Administration officials are currently brainstorming alternative policy shifts to reassure Arab partners and signal toughness to the Houthis, one source familiar with the decision-making process told HuffPost. Last week, Biden approved nearly $90 million in new weapons sales to the Saudis and Emiratis.
Meanwhile, lawmakers opposed to the move are mobilizing to influence Biden. Sen. Chris Murphy (D-Conn.) is actively reaching out to colleagues to highlight the possible toll of reimposing the designation.
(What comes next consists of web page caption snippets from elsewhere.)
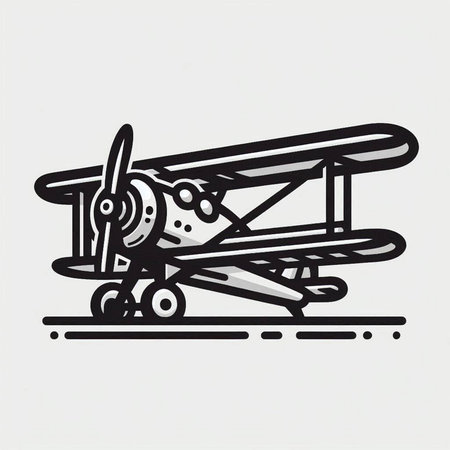 Vintage airplane isolated on white background. Hand drawn vector illustration.
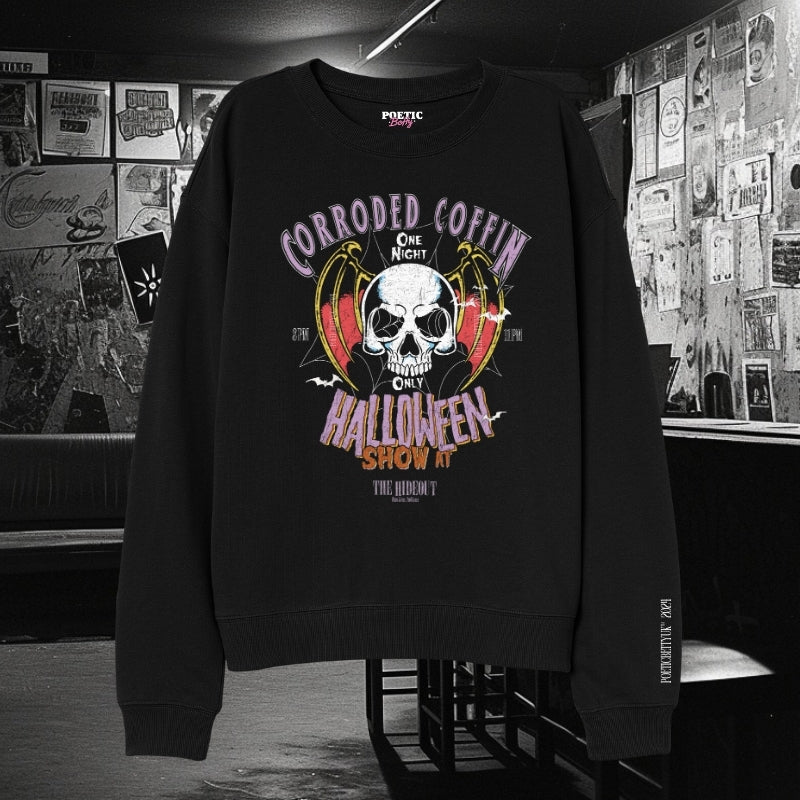 Eddies Corroded Coffin Vintage Halloween Show Crew Neck Sweatshirt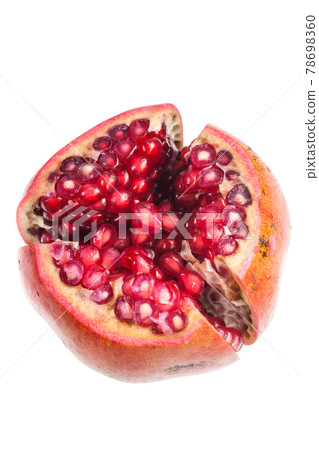 Pomegranate fruit on white background. Pomegranate fruit on white background. 78698360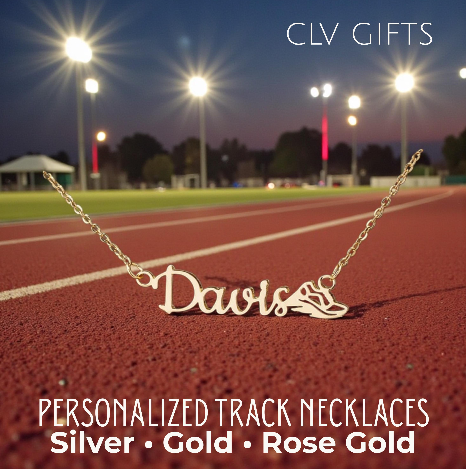 Personalized Davis necklace with a running shoe motif on a running track under stadium lights.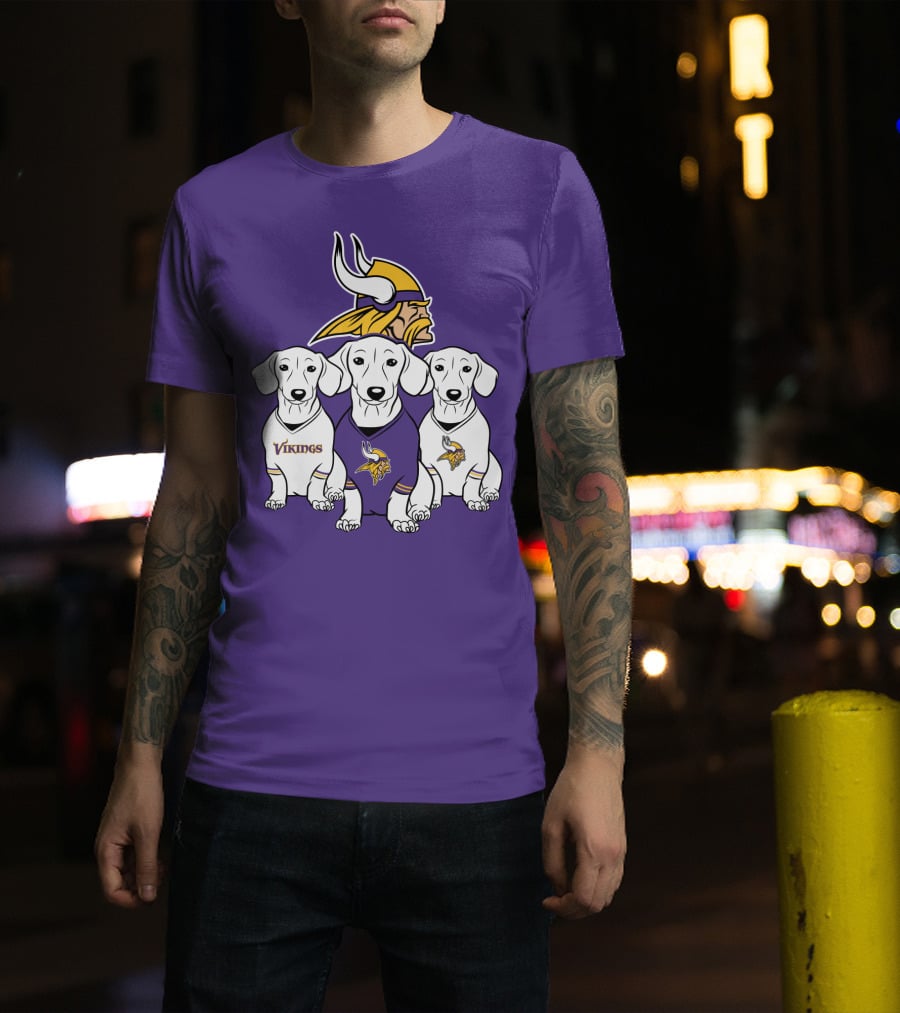 Minnesota Vikings Dachshund  Puppies T-Shirt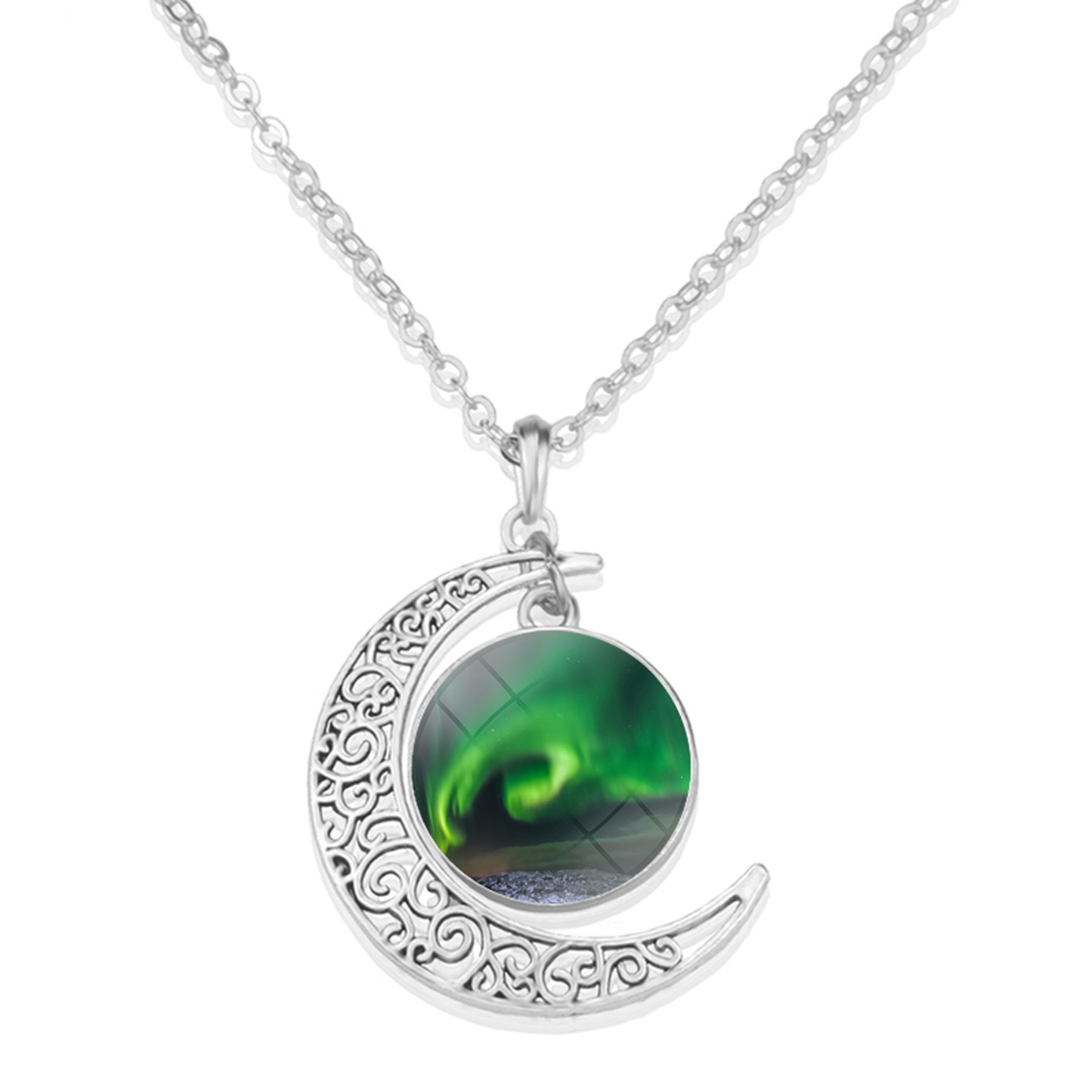 Unique Aurora Borealis Crescent Necklace - Northern Light Jewelry - Crescent Glass Cabochon Pendent Necklace - Perfect Aurora Lovers Gift 14
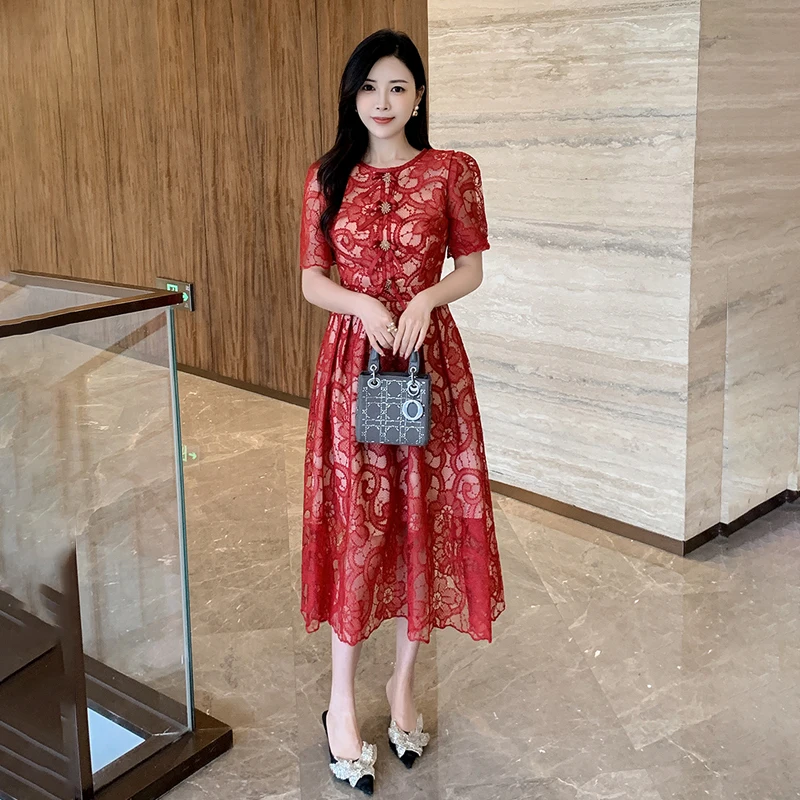 Ele Pizzo ricamato Dr Lavoro pesante da donna rotondo Ne Puffy Sve Vita snellente Gonna ampia Fibra di poliestere Primavera S...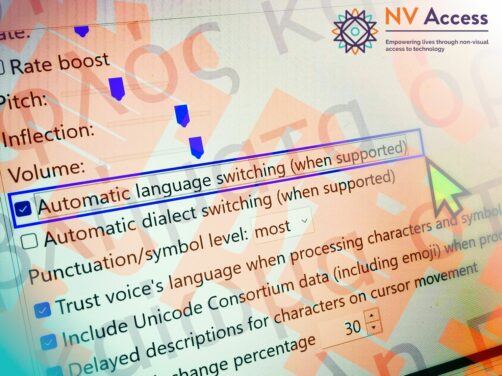 NVDA speech settings screen with "Automatic language switching (when supported)" selected.  Image is overlaid with text in Greek and Japanese.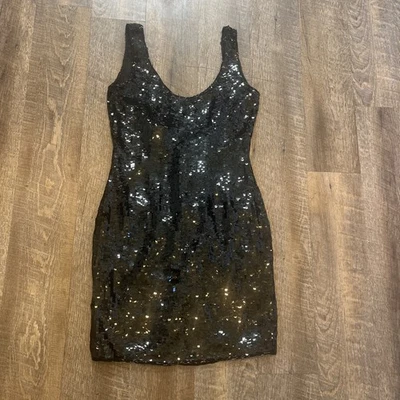 Lawrence Kazar 100% Silk Sequin knee Length Cocktail Dress Sm Black Vintage - Image 1 of 4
The move “shuts down commercial food imports to Yemen. That is nothing that any member of Congress wants on their conscience and something I hope the administration doesn’t want either,” Murphy told HuffPost on Wednesday. “So I know it sounds good, because the Houthis are terrible. And you can call them whatever you want. But this particular designation comes with real consequences and it’s starvation … I think there’ll be bipartisan pushback.”
Preparing For The Worst
Aid groups are lobbying against the potential designation while preparing for it to rip through Yemen’s fragile communities — cutting off medicine, driving up food prices and starving children.
“We know exactly how it’s going to play out: a year ago pharmaceutical companies began canceling their plans to send needed supplies to Yemen — despite licenses in place. This is of course a core humanitarian need, especially during the COVID-19 pandemic,” said Scott Paul of Oxfam America.
He added that banks would likely severely limit transactions with Yemenis for fear of incurring American sanctions, which would make any transactions harder, from businesses paying for imports to Yemenis abroad sending remittances to family members.
Amanda Catanzano of the International Rescue Committee told HuffPost that if Biden imposes the label, he would “cut an already collapsing economy to its knees.”
“There’s a lot of people already not getting the aid they need … this would happen against that backdrop,” she added, noting that budget shortfalls last year meant that aid went from reaching 9 million Yemenis in need to fewer than 7 million. “Humanitarian exemptions [to sanctions] can go part of the way but are rarely sufficient … it would be trying to run up a downward escalator.”
Before Trump imposed the designation, importers and banks already began pulling back from Yemen in anticipation, humanitarian experts say; the longer there is uncertainty about Biden’s decision, the greater the risk for that to happen again.
Arthur Delaney contributed reporting.